==== Dataset excerpts

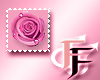 Rose (Red) Stamp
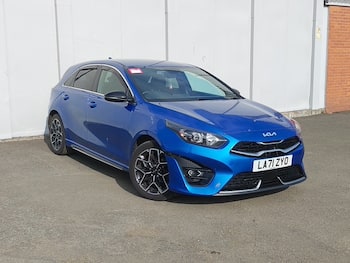 Used Kia Ceed 2022 for sale - 79853054: Photo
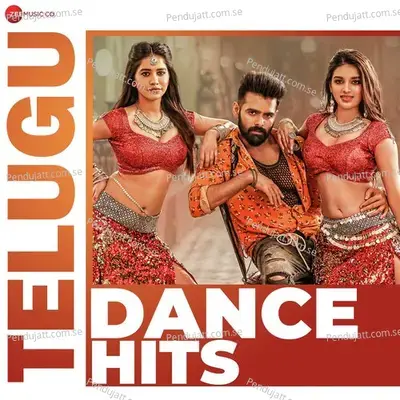 Telugu Dance Hits - Various Artists cover album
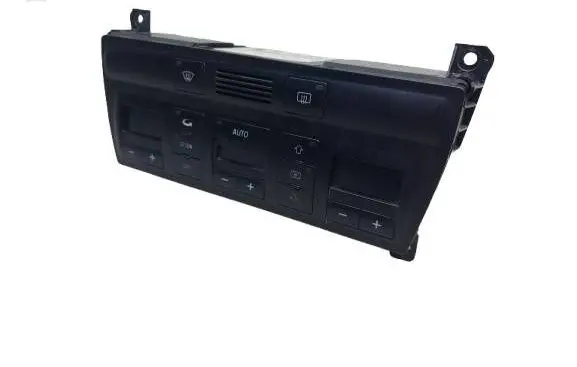 Audi A6 S6 C5 4B Climate control unit 4B0820043AE-KASACJ 4B0820043AE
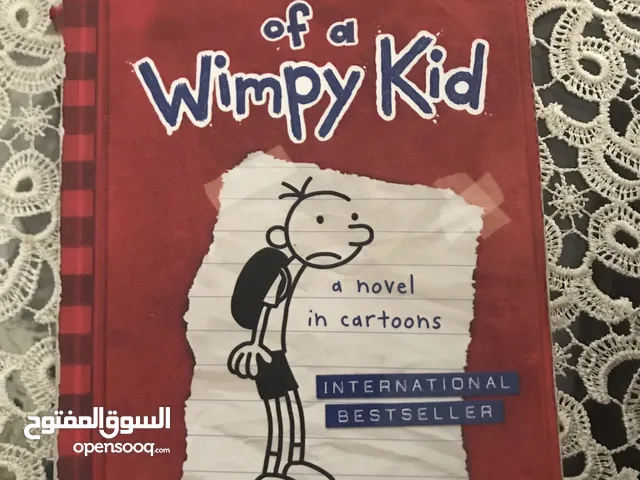 Diary of a wimpy kid 7 books for only 210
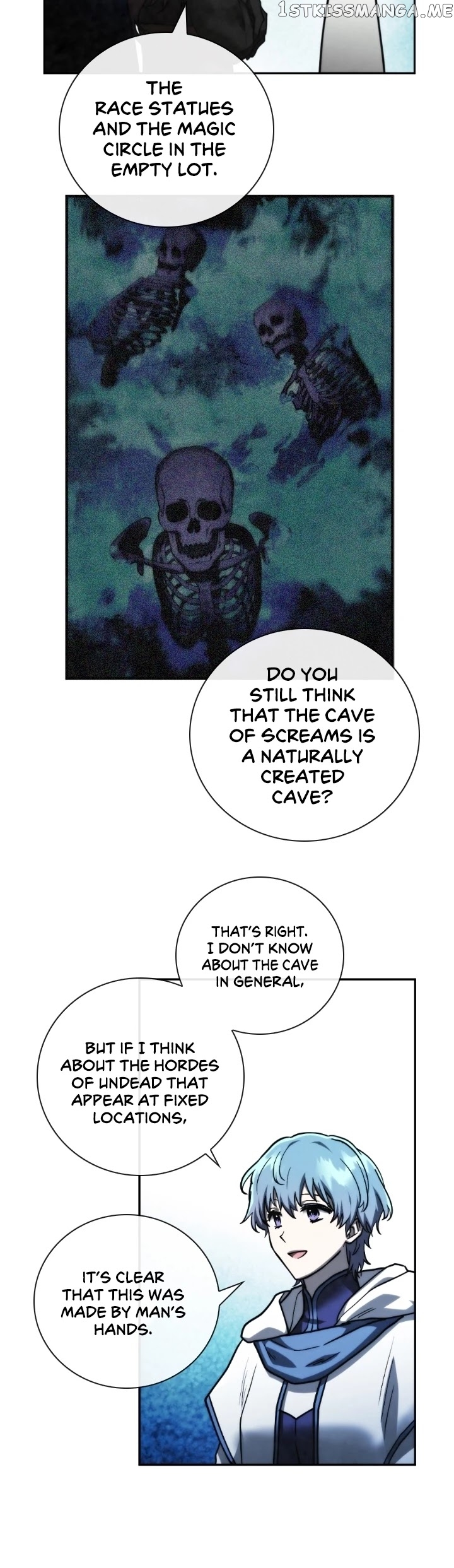 MEMORIZE – Manga chapter 97 - page 15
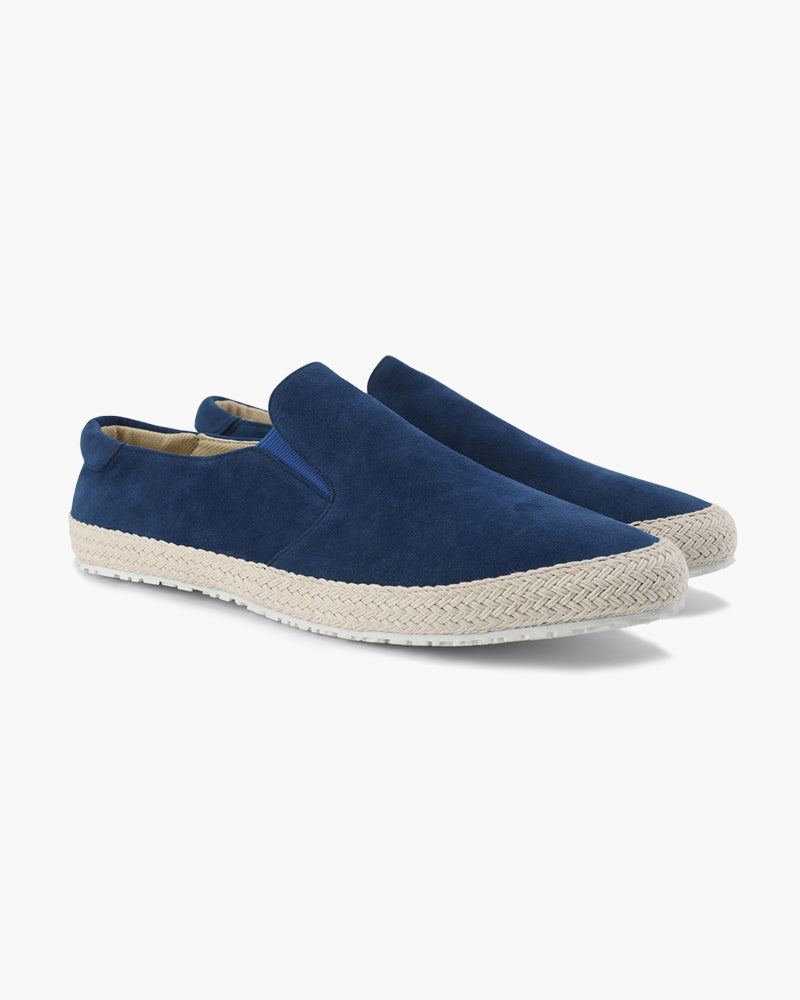 Chaussures de ville en suède
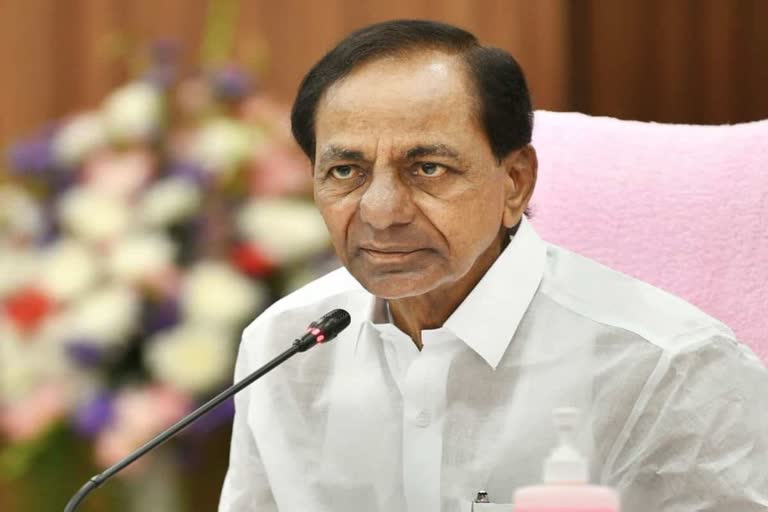 KCR, Chief Minister of Telangana State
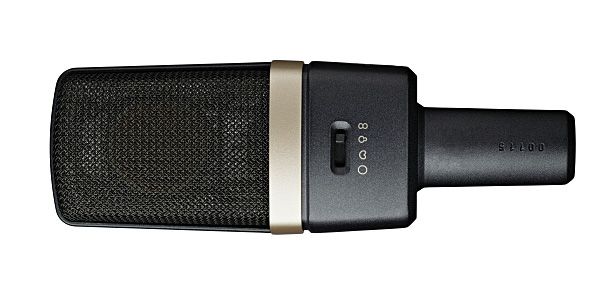 【ほぼ新品】AKG C314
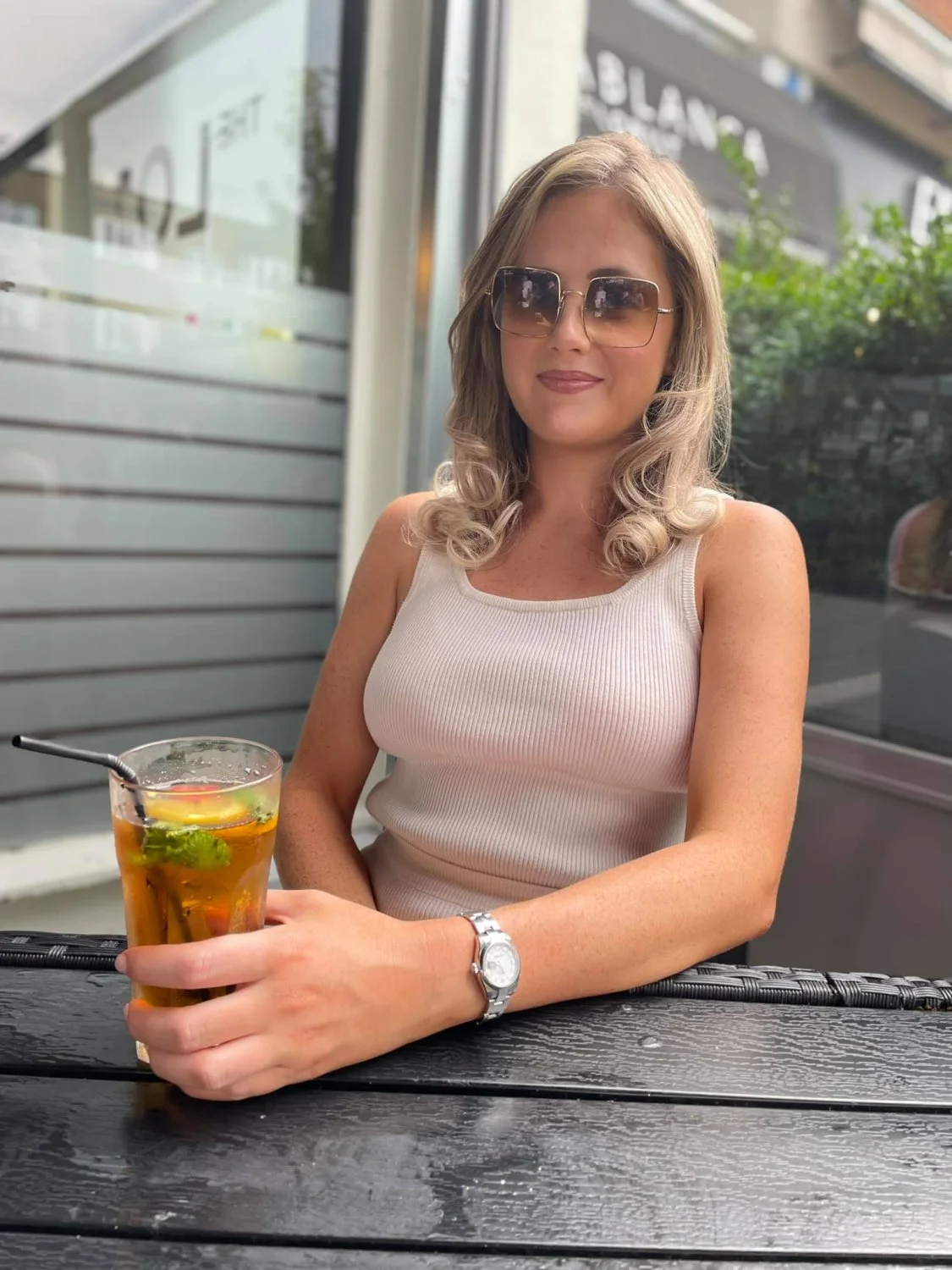 was trying to get her drunk lol - dm me about her if you want main image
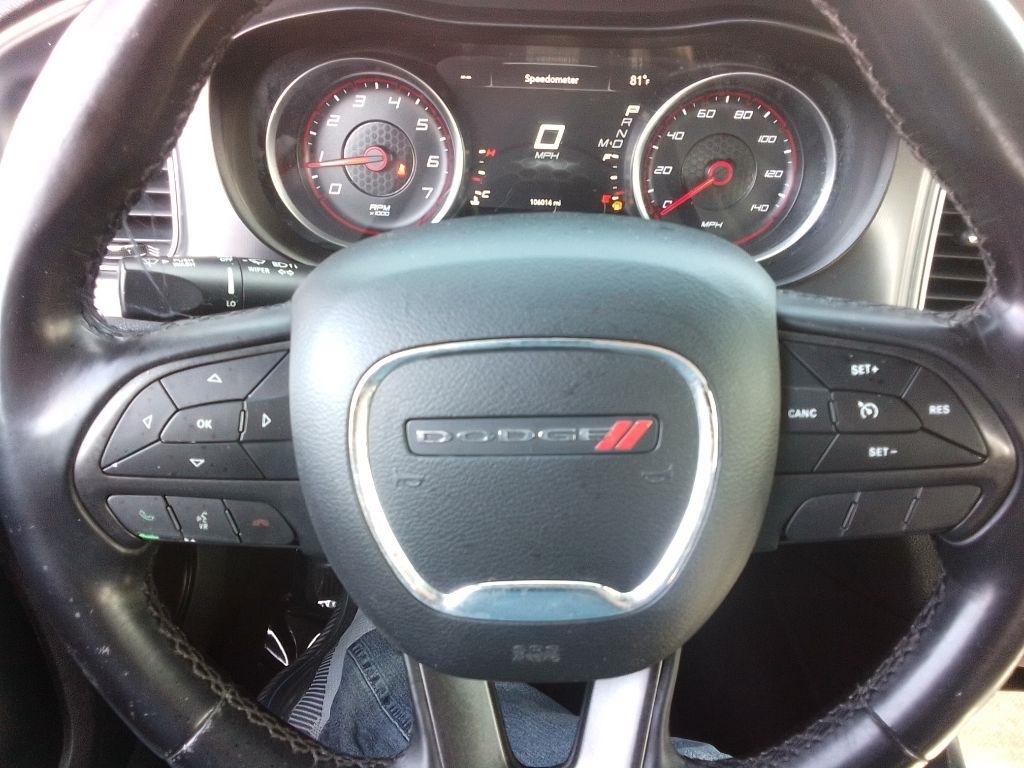 Dodge Charger SXT 2019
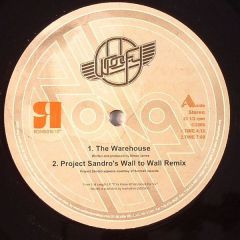 Woolfy - Woolfy - Warehouse - Rong Music
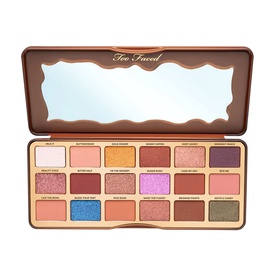 Better Than Chocolate Cocoa-Infused Eye Shadow Palette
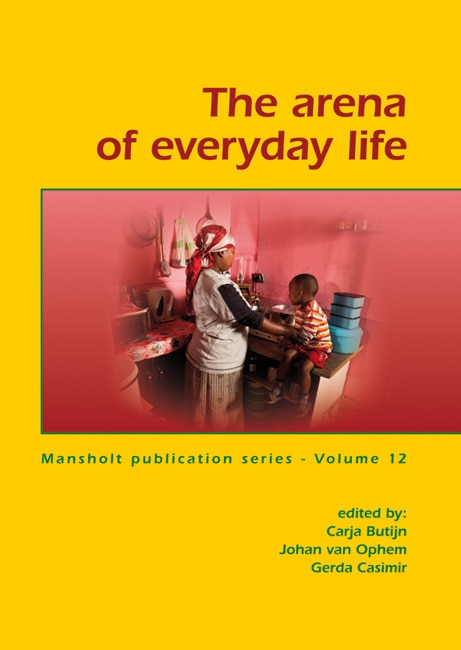 Couverture_The arena of everyday life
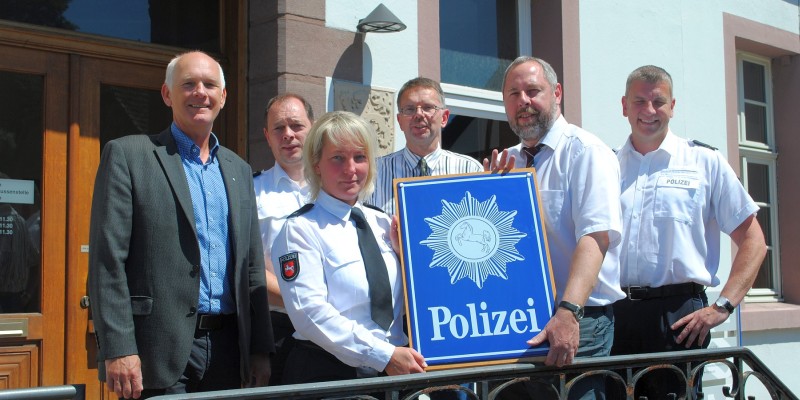 Umgebaut und einsatzbereit: Polizeistation jetzt im Rathaus Eschershausen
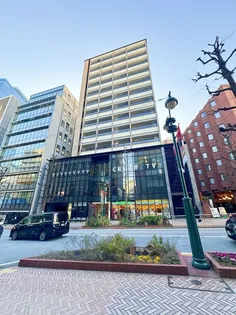 東京都渋谷区宇田川町【マンション】の外観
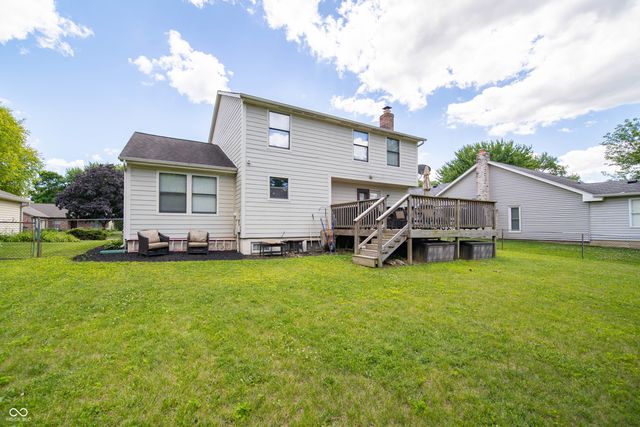 7442 Blue Creek South Drive, Indianapolis, IN 46256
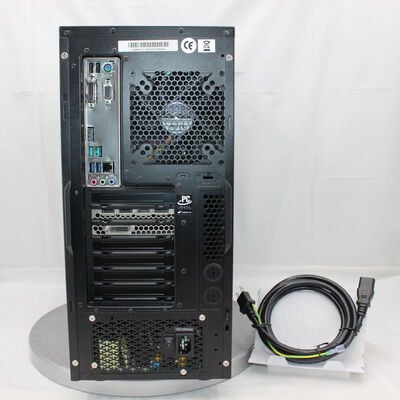 【熊本浜線店】中古  THIRDWAVE GALLERIA KT(Intel Core i7 8700/16GB DDR4 (PC4)/SSD2TB/DVDマルチ/NVIDIA GeForce GTX 1070 Ti 8GB/W11H64 MAR) 190815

========

Problem statement ::
Each line from the one containing "Telugu Dance Hits" to the final line of the data must be printed exactly, both included, with nothing else and no pictures.

Output for this task ::
 Telugu Dance Hits - Various Artists cover album
 Audi A6 S6 C5 4B Climate control unit 4B0820043AE-KASACJ 4B0820043AE
 Diary of a wimpy kid 7 books for only 210
 MEMORIZE – Manga chapter 97 - page 15
 Chaussures de ville en suède
 KCR, Chief Minister of Telangana State
 【ほぼ新品】AKG C314
 was trying to get her drunk lol - dm me about her if you want main image
 Dodge Charger SXT 2019
 Woolfy - Woolfy - Warehouse - Rong Music
 Better Than Chocolate Cocoa-Infused Eye Shadow Palette
 Couverture_The arena of everyday life
 Umgebaut und einsatzbereit: Polizeistation jetzt im Rathaus Eschershausen
 東京都渋谷区宇田川町【マンション】の外観
 7442 Blue Creek South Drive, Indianapolis, IN 46256
 【熊本浜線店】中古  THIRDWAVE GALLERIA KT(Intel Core i7 8700/16GB DDR4 (PC4)/SSD2TB/DVDマルチ/NVIDIA GeForce GTX 1070 Ti 8GB/W11H64 MAR) 190815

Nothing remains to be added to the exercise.